■ Task description ■
Here are the records. Write out exactly the lines between the one holding "Vita pure partially" and the one holding "Salomon logo gorros montaña Granate (UNICA)", inclusive.

■ Source data ■
········
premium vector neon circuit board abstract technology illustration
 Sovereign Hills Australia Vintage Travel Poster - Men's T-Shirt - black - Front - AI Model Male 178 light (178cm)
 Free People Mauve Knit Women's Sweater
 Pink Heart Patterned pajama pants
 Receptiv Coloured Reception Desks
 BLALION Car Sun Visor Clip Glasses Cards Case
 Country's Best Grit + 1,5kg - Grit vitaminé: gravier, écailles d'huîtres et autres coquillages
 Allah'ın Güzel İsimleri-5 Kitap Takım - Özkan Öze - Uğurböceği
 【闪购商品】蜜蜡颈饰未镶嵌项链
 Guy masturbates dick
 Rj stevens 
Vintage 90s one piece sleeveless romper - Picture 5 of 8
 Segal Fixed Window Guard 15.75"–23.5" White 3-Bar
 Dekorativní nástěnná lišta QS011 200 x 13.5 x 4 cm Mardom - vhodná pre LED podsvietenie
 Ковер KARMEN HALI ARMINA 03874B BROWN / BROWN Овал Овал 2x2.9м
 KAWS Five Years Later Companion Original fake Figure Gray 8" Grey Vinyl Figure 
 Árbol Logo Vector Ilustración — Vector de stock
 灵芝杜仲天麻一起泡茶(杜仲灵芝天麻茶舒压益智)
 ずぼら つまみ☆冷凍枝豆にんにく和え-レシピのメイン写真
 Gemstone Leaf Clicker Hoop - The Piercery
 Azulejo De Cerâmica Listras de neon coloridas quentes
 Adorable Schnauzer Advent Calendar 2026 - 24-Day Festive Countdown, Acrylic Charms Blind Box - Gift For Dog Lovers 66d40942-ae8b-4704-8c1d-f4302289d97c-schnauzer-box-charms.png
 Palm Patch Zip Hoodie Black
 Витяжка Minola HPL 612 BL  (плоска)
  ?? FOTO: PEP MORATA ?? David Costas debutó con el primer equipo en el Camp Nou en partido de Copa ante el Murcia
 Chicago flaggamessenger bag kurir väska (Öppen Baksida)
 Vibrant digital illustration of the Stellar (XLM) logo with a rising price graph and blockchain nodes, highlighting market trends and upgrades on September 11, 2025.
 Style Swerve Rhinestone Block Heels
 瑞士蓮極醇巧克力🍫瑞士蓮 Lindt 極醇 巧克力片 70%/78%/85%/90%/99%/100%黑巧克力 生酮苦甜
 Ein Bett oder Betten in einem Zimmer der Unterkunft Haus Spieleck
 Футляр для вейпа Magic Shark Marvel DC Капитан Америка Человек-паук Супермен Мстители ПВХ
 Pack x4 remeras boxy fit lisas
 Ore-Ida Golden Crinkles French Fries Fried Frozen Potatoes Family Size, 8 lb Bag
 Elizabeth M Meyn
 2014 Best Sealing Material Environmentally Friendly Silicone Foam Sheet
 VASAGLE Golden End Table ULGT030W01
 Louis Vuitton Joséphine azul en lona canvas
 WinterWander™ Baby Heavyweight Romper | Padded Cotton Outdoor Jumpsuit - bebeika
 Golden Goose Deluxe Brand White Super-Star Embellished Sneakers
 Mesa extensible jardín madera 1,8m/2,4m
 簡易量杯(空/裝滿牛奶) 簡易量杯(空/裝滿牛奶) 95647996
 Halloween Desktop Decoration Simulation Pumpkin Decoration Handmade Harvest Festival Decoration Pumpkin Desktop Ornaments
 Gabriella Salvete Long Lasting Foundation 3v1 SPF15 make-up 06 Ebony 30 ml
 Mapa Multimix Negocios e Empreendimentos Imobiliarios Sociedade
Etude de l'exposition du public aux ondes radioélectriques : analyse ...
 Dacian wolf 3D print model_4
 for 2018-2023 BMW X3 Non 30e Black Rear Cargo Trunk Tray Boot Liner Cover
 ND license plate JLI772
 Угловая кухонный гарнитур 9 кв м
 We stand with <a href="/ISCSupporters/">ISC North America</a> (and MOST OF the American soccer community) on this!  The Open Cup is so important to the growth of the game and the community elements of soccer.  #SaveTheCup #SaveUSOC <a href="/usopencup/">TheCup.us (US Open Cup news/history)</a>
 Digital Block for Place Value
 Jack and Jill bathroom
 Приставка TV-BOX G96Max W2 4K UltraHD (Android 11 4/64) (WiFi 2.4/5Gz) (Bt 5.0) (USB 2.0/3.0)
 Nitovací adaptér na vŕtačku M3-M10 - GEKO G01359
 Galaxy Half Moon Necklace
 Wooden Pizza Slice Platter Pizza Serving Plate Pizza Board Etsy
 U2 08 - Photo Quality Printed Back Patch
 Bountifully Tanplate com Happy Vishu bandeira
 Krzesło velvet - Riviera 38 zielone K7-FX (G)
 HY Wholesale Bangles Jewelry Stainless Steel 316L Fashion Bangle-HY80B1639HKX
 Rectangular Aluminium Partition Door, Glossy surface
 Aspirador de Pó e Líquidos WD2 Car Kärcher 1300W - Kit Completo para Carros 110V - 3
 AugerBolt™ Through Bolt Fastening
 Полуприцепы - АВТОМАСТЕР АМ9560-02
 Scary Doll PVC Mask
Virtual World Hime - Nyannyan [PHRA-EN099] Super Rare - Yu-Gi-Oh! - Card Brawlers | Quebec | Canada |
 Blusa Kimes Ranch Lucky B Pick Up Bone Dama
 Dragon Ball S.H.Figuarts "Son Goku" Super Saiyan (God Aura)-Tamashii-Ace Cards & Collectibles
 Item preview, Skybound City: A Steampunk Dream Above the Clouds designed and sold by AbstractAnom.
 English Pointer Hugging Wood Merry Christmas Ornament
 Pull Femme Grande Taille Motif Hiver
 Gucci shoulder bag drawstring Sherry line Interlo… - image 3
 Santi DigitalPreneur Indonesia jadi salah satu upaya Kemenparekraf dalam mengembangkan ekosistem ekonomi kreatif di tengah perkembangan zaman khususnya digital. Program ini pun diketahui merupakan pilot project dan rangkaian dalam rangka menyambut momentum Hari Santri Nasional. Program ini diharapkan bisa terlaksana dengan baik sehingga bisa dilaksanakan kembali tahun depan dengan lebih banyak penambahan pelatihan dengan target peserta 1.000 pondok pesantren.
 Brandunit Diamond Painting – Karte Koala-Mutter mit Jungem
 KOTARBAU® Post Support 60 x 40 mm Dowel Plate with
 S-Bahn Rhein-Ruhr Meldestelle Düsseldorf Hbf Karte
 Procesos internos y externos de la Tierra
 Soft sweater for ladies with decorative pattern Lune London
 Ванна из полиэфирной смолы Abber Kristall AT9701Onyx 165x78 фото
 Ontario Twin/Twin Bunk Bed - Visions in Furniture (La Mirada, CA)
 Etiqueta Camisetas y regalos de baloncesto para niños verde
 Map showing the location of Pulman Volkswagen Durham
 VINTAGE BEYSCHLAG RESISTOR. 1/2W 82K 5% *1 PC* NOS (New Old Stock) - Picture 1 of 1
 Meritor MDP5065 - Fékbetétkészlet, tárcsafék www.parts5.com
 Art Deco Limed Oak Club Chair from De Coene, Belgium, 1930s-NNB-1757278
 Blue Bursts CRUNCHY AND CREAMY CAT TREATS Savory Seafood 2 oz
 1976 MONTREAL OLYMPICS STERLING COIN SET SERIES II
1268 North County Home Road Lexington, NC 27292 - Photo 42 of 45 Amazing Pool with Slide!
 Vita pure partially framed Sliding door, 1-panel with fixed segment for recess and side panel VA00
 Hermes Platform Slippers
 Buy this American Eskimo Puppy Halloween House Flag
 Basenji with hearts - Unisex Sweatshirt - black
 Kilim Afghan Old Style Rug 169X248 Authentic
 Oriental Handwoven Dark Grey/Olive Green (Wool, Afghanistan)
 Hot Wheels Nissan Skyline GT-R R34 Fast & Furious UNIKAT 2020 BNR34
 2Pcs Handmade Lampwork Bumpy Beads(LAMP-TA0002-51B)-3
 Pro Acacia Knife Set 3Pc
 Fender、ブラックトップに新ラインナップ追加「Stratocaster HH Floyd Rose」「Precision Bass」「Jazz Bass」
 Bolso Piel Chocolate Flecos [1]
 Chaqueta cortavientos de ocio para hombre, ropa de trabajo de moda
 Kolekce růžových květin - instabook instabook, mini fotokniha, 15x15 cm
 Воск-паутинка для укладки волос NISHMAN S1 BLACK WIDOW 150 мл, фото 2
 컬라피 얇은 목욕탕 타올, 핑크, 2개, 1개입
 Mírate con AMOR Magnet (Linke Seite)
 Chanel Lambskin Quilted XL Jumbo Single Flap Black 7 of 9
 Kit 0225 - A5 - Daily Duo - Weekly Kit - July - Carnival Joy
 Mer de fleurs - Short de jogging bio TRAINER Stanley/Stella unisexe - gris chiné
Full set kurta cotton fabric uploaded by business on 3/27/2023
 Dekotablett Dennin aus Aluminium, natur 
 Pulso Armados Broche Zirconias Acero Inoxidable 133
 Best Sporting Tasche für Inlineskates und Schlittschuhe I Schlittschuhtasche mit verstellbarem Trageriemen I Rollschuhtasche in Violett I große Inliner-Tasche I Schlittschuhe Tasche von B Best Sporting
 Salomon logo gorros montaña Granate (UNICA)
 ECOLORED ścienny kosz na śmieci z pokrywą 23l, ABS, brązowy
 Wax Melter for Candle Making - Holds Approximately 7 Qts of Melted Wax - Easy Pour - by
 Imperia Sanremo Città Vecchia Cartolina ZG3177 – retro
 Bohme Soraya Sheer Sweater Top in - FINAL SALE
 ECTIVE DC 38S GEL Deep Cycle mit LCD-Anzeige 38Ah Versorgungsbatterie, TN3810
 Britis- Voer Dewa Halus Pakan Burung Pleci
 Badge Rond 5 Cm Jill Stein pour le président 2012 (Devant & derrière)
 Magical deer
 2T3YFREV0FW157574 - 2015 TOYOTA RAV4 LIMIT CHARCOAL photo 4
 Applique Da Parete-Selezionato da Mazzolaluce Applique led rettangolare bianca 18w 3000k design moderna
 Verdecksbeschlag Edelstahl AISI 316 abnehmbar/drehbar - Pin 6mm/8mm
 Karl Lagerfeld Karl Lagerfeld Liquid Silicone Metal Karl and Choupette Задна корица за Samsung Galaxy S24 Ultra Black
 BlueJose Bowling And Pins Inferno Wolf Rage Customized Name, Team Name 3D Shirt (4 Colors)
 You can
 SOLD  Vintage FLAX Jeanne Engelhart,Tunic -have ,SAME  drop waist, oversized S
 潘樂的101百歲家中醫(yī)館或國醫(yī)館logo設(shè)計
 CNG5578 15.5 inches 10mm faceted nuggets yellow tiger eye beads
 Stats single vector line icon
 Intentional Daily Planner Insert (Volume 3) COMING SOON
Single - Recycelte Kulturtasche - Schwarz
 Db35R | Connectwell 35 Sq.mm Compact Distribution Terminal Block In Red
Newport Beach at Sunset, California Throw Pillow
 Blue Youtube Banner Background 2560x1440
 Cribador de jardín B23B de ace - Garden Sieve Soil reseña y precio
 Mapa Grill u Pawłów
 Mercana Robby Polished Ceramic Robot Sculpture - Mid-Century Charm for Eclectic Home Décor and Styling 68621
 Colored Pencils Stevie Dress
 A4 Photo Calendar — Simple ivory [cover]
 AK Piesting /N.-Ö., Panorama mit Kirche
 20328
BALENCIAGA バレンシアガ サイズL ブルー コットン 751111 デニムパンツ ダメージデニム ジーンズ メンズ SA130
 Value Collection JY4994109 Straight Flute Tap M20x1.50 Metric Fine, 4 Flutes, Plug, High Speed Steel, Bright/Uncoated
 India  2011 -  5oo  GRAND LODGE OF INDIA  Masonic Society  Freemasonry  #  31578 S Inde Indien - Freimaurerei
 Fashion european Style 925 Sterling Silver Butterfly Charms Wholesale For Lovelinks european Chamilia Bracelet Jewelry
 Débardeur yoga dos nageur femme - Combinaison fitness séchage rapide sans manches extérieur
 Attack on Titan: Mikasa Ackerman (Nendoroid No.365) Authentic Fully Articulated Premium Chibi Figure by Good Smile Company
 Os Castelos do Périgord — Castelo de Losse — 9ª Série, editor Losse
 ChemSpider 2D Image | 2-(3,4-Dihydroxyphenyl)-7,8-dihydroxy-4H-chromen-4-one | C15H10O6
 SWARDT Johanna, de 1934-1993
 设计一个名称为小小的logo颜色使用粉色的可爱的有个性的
········
■ Solution to the exercise ■
 Vita pure partially framed Sliding door, 1-panel with fixed segment for recess and side panel VA00
 Hermes Platform Slippers
 Buy this American Eskimo Puppy Halloween House Flag
 Basenji with hearts - Unisex Sweatshirt - black
 Kilim Afghan Old Style Rug 169X248 Authentic
 Oriental Handwoven Dark Grey/Olive Green (Wool, Afghanistan)
 Hot Wheels Nissan Skyline GT-R R34 Fast & Furious UNIKAT 2020 BNR34
 2Pcs Handmade Lampwork Bumpy Beads(LAMP-TA0002-51B)-3
 Pro Acacia Knife Set 3Pc
 Fender、ブラックトップに新ラインナップ追加「Stratocaster HH Floyd Rose」「Precision Bass」「Jazz Bass」
 Bolso Piel Chocolate Flecos [1]
 Chaqueta cortavientos de ocio para hombre, ropa de trabajo de moda
 Kolekce růžových květin - instabook instabook, mini fotokniha, 15x15 cm
 Воск-паутинка для укладки волос NISHMAN S1 BLACK WIDOW 150 мл, фото 2
 컬라피 얇은 목욕탕 타올, 핑크, 2개, 1개입
 Mírate con AMOR Magnet (Linke Seite)
 Chanel Lambskin Quilted XL Jumbo Single Flap Black 7 of 9
 Kit 0225 - A5 - Daily Duo - Weekly Kit - July - Carnival Joy
 Mer de fleurs - Short de jogging bio TRAINER Stanley/Stella unisexe - gris chiné
Full set kurta cotton fabric uploaded by business on 3/27/2023
 Dekotablett Dennin aus Aluminium, natur 
 Pulso Armados Broche Zirconias Acero Inoxidable 133
 Best Sporting Tasche für Inlineskates und Schlittschuhe I Schlittschuhtasche mit verstellbarem Trageriemen I Rollschuhtasche in Violett I große Inliner-Tasche I Schlittschuhe Tasche von B Best Sporting
 Salomon logo gorros montaña Granate (UNICA)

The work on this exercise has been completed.